Tehachapi Symphony Orchestra celebrates Beethoven 'middle period'

The Forde Files No 108

 

NIck Smirnoff, NPPA

Guest artist Mischa Lefkowitz performs Beethoven's Violin Concerto in D Major, Op. 61 with the Tehachapi Symphony Orchestra, Nov. 1

When Ludwig Van Beethoven premiered two symphonies and other works at a four-hour concert at Vienna in 1808, the musicians grumbled for lack of rehearsal time and one critic described the event as "a cart rolling down the hill with no horse."

At Tehachapi Symphony Orchestra's Nov. 1 concert at Country Oaks Baptist Church, which featured one of the symphonies performed that night in Vienna as well as the artistry of guest violinist Mischa Lefkowitz, there was no grumbling and no runaway cart. There was robust Beethoven "middle period" music executed by a full, rounded, exuberant company of musicians.

Under the leadership of Music Director David Newby since 1999, the orchestra has grown from a handful of local amateurs to be the cultural treasure that it is today. Former Tehachapi mayor cellist Debbie Hand of Mountain Music and orchestra concertmaster and violin instructor Gayel Pitchford teamed up to organize an orchestra in 1998.
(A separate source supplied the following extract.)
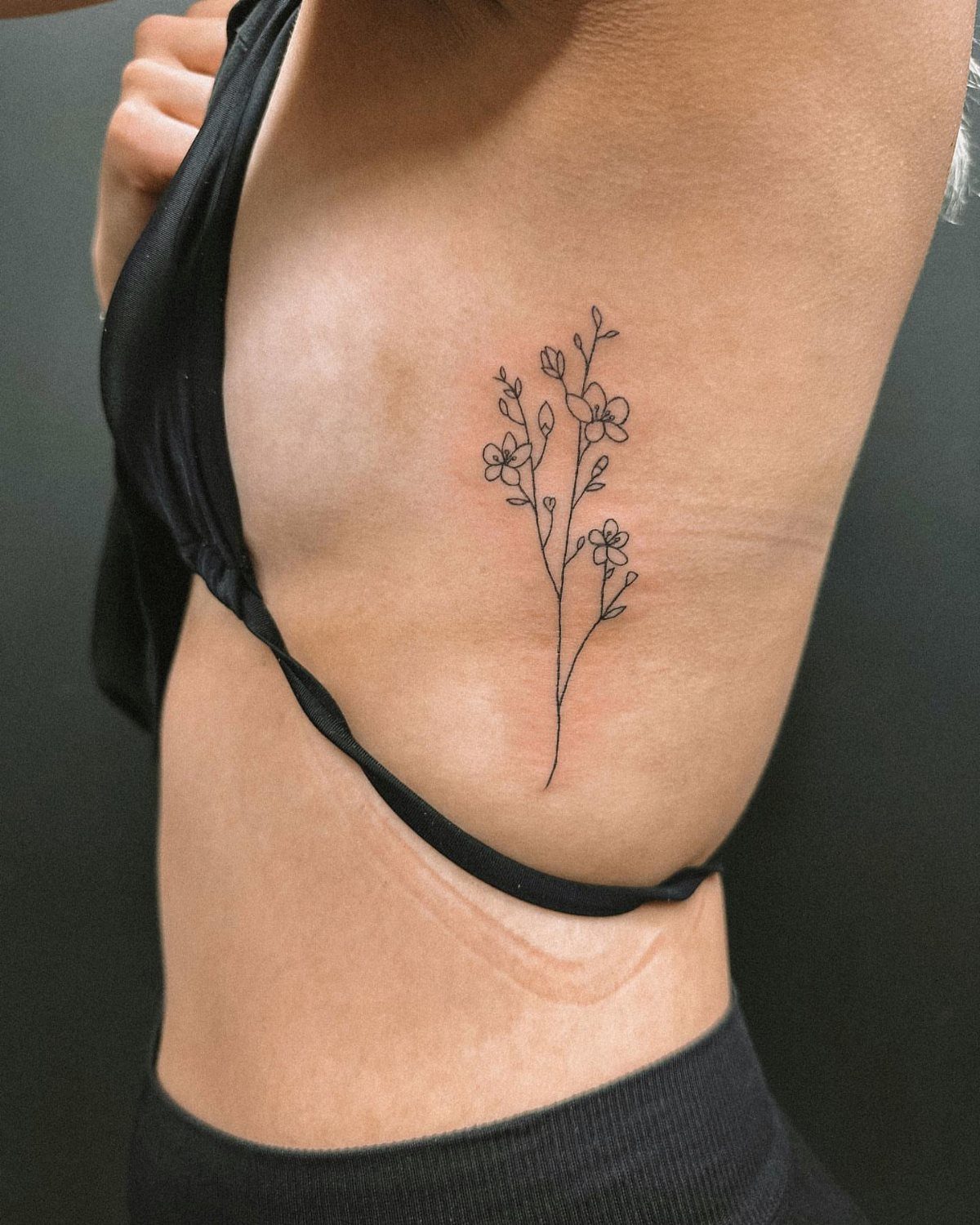 A delicate black ink floral tattoo on a person's side rib area.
"Debbie dragged me up to Ridgecrest to play at Cero Coso," Pitchford said. Then came the inspiration – "We should start our own."

Finding bassoons and oboes was a problem, she said, but they magically turned up. Jazz musician Ray Burkhart was conductor for that first year.

"So that's how you make an orchestra," Pitchford said. With six to eight key people, she said, "there were just enough of us to make this thing work."

The Symphony Orchestra sponsors the Tehachapi Strings Orchestra and the Junior Orchestra, experience in which give young talent a boost when applying for college scholarships.

The Symphony Orchestra performs five times a year. All the concerts are free.

They are free, says the Tehachapi Symphony Orchestra brochure, "so that everyone, regardless of income, can enjoy live classical music."

The board of directors (which is seeking two new members) manages to run the orchestra program on a budget of $40,000 a year that comes from patrons and donors. The funds pay for Newby and guests artists, music rental, royalties, venues and programs.

Handel's The Messiah will be presented on Fri., Dec. 18, 2015 at 7 p.m. at Country Oaks Baptist Church, 20915 Schout Road, Tehachapi. The following concert, on Fri., Feb. 28 at 4 p.m., features Westside Story Concerto for String Quartet and Orchestra by Leonard Bernstein/Randall Craig Fleisher, with the Amaranth String Quartet. The concert also includes Maurice Ravel's Mother Goose Suite and Albert Ginastera's Estancia Suite.